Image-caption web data
=== Section Start ===

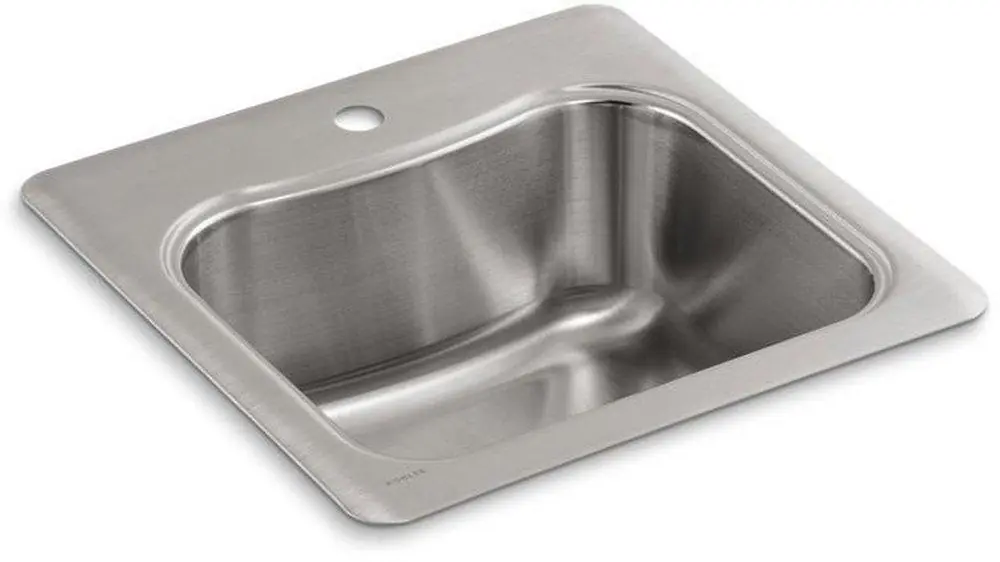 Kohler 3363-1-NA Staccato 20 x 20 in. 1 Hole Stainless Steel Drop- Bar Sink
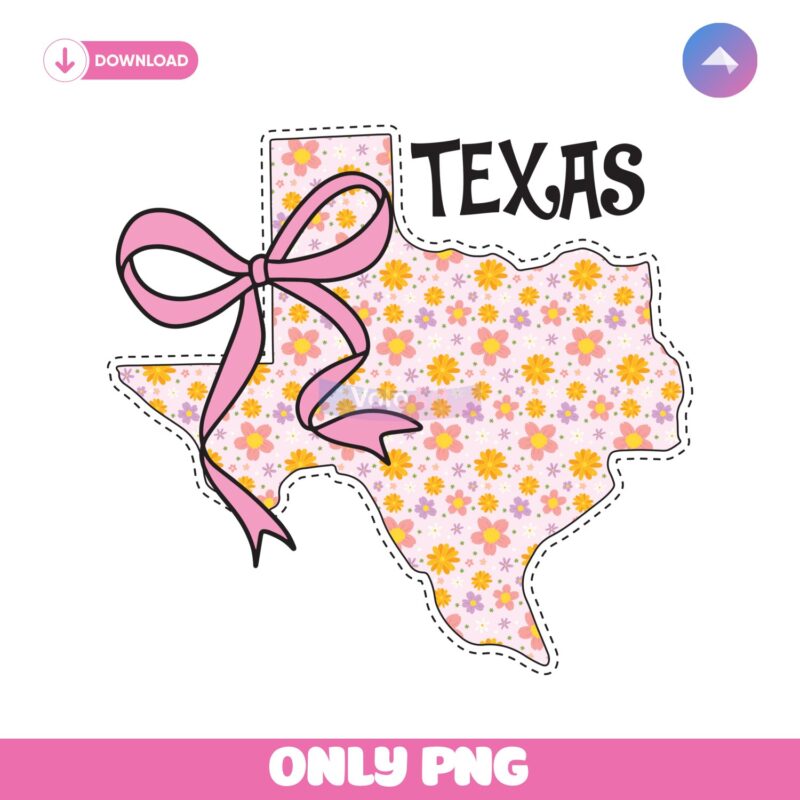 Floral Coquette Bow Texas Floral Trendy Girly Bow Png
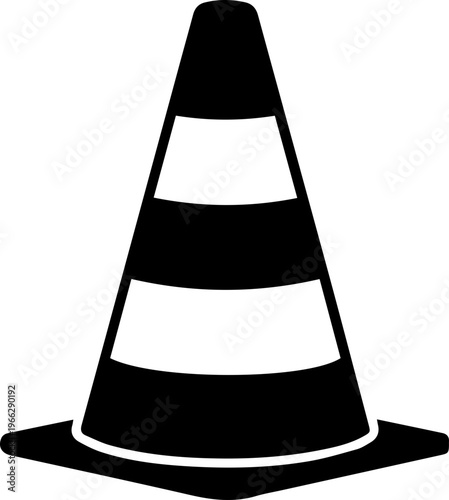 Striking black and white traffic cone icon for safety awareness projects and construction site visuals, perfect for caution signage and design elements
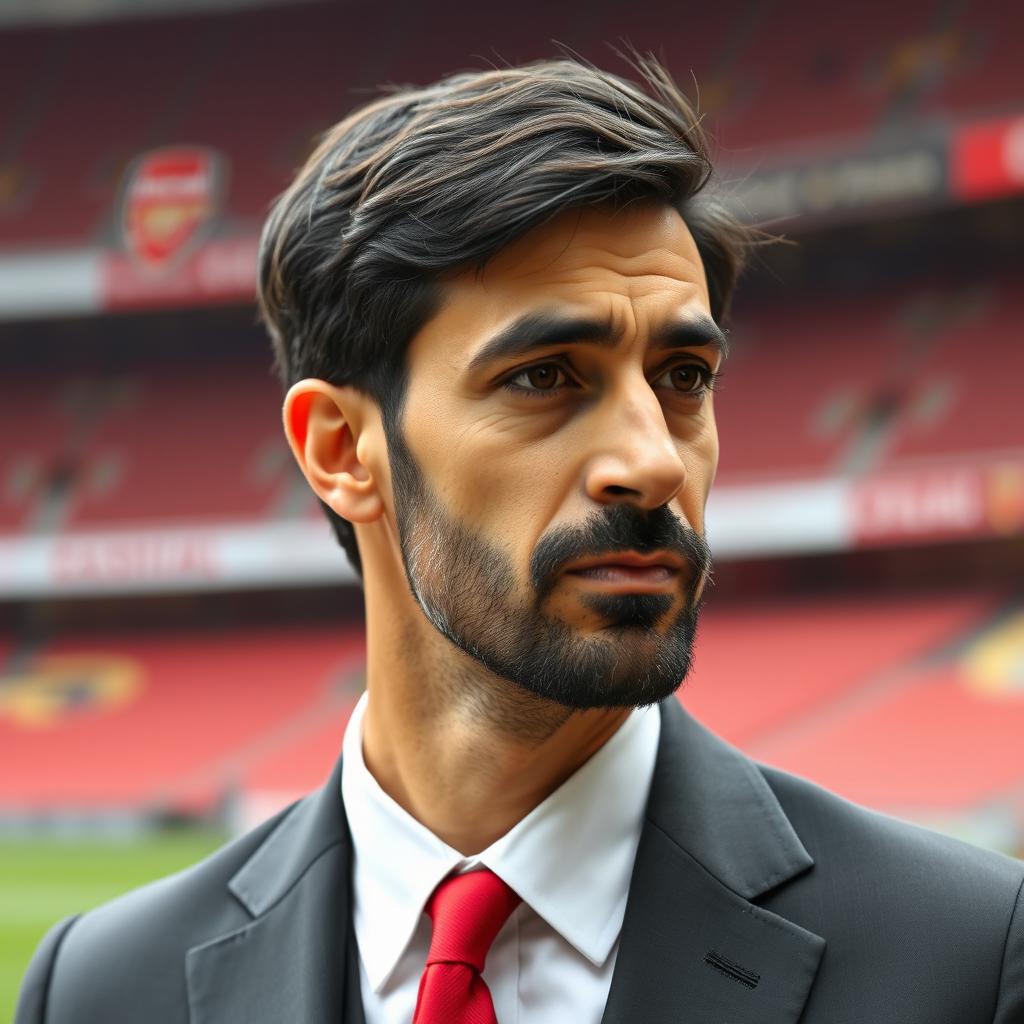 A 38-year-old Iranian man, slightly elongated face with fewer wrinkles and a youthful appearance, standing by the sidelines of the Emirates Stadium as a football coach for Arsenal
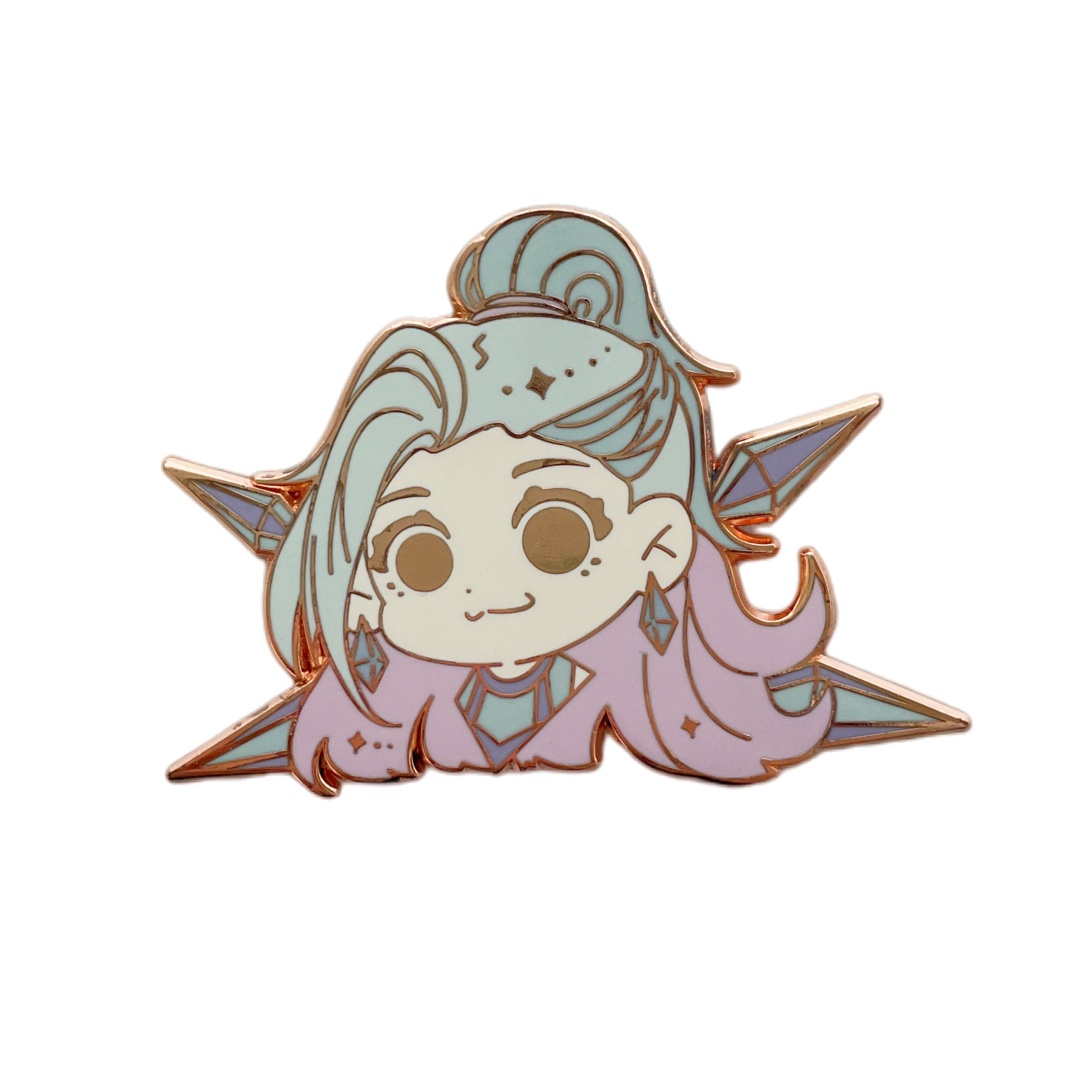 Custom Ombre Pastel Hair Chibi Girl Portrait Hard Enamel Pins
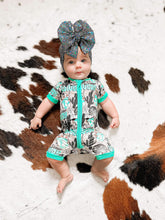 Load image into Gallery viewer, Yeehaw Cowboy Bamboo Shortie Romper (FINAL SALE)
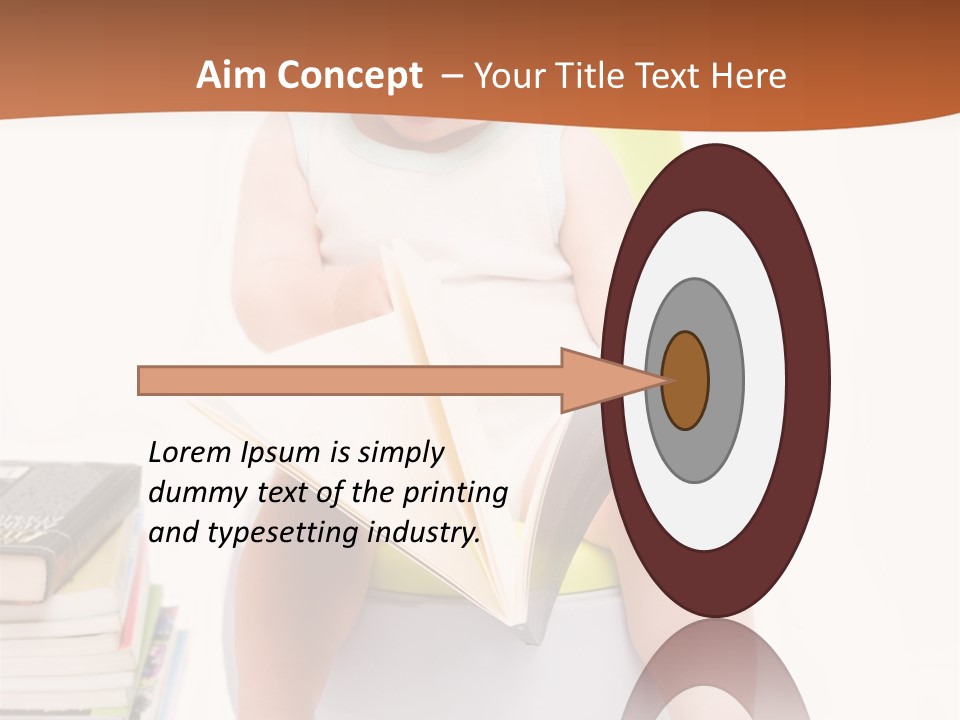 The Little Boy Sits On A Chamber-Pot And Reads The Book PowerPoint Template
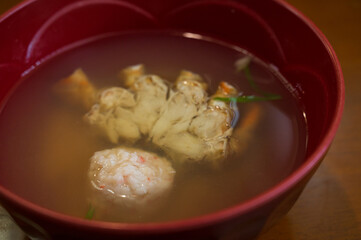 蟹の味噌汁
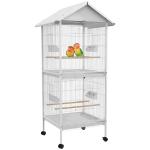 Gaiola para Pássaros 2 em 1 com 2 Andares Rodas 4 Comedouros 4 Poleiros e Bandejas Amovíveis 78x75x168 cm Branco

=== Section End ===

REQUIRED WORK:
Write out exactly, and only, the lines running from the line with "Floral Coquette Bow" to the last line above, both included, with all pictures omitted.

SOLUTION FOR THIS EXERCISE:
 Floral Coquette Bow Texas Floral Trendy Girly Bow Png
 Striking black and white traffic cone icon for safety awareness projects and construction site visuals, perfect for caution signage and design elements
 A 38-year-old Iranian man, slightly elongated face with fewer wrinkles and a youthful appearance, standing by the sidelines of the Emirates Stadium as a football coach for Arsenal
 Custom Ombre Pastel Hair Chibi Girl Portrait Hard Enamel Pins
 Load image into Gallery viewer, Yeehaw Cowboy Bamboo Shortie Romper (FINAL SALE)
 The Little Boy Sits On A Chamber-Pot And Reads The Book PowerPoint Template
 蟹の味噌汁
 Gaiola para Pássaros 2 em 1 com 2 Andares Rodas 4 Comedouros 4 Poleiros e Bandejas Amovíveis 78x75x168 cm Branco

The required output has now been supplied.